Dear Jane:
I’ve always been fascinated by the late 19th century. I admit it. It was a period in which two very different cultures-agrarian and rural-came crashing into each other, with uneven and dynamic results. The major social changes that occurred in this era-old mores going head to head with the new ones–are mind-boggling.
When I was teaching history, I used to compare the late 19
th century to the late 20
th century. Both periods experienced rapid technological change–not just improvements on technology, but entirely new things that completely transformed people’s lives. The impact of electricity and refrigeration in the 19
th century can be compared to the invention of computers and cell phones in the 20
th-all things that made major changes in the way that people worked and lived. Plus, you have two completely different, yet eerily similar women’s liberation movements. The late 19
th century was an exciting time to live in, and also an awful one–read anything on American immigration in that period and it doesn’t even begin to touch upon how terrible some people’s lives were.
Of course, the other thing that characterizes the late 19th century, especially in England, is the sheer repression of men and women emotionally and sexually. The fact that Victorians called a chicken breast a “bosom” because “breast” was obscene. I always got a kick out of the idea that Queen Victoria never made female/female sexual conduct a crime, simply because she could not conceive of it ever happening in her world view.
I’ve read a lot of books on this time period, both fictional and romance, and Robin Schone’s “Scandalous Lovers” is one that just resonates with me. It’s rare that a romance novel raises questions that you think about for days afterward.
The story is loosely based on a real club that existed in England at about that time, called the Men’s and Women’s club. The purpose of the club was to discuss sexuality (love the term “sexology” that Schone uses) in a rational and empirical manner. I can just imagine the real meeting in my head: suffragettes, Malthusians (proponents of birth-control), and other forward-minded thinkers discussing sex in a time when sex was completely taboo. A time when discussing condoms got you thrown in jail for obscenity. And a time when relations between a man and a woman were supposed to take place fully clothed, in the dark.
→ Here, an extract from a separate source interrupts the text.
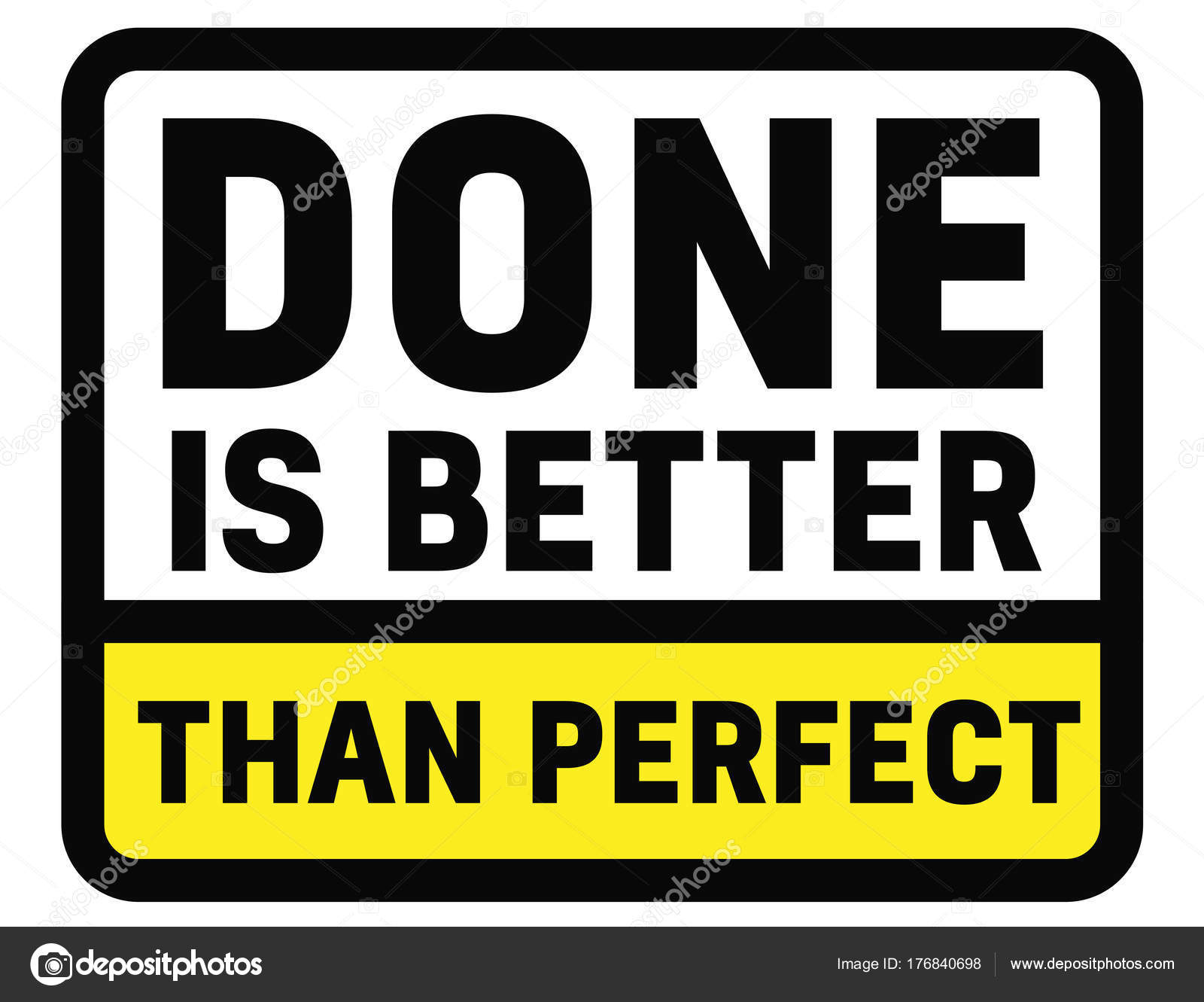 Done Is Better Than Perfect Vector Image By C Lkeskinen0 Vector Stock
One of the things I love about Robin Schone is that her characters are significantly older than those in a typical romance novel. Francis, the heroine, is forty-nine, a grandmother and post-menopausal, and James, the hero, is forty-seven. Both are recently widowed. There is a sad dearth of older romance novel hero/heroines, and every time I read another historical with a 22-year old heroine, I think fondly of Schone’s older lovers.
The story begins when Francis, a country widow visiting London, accidentally walks into a meeting of the Men’s and Women’s club. James, a member, asks her a simple question: What do women desire?
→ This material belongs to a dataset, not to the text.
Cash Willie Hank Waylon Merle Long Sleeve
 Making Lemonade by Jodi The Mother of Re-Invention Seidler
God love her, Francis answers. But not in a way that James expects. Let’s just say that her presence changes everything about the club, and about James.
It’s a very sweet love story, very tender, but also very sexual. (Very, very sexual. This book has what I usually call “The Full Monty”–not to put too plain a point on it, anything I consider “The Full Monty” has sexual contact in ALL its configurations. That may make some people uncomfortable. Sometimes it made me uncomfortable, because James and Francis have a sexual relationship that I think is unlike any other in romance novel land today.) James is the kind of character that stays with you for a long time afterwards, someone who has made terrible mistakes in his past and clearly takes responsibility for them. It’s pretty obvious he’s in love with Frances from the get-go, but like most of Schone’s books, there’s no build up to the happy ending where he loves her and she loves him and they get married and live happily ever after. (In many of Schone’s books, no one ever even says the words “I love you.” This is one of my few complaints about her books, but given the time period, this is probably more realistic than the effusive love proclamations of other historical romances.) It’s not a perfect story by any means: Schone’s writing style isn’t for everyone (I happen to like it, but I know it’s an issue for many readers) and the ending is abrupt and a little disappointing, in the sense that it does not live up to the long buildup that preceded it. But you are drawn into the story of James and Frances, both as a couple and as individuals, as well as the stories of the supporting characters, and I was rooting for all of them to find love, or at least an acceptance of their sexuality.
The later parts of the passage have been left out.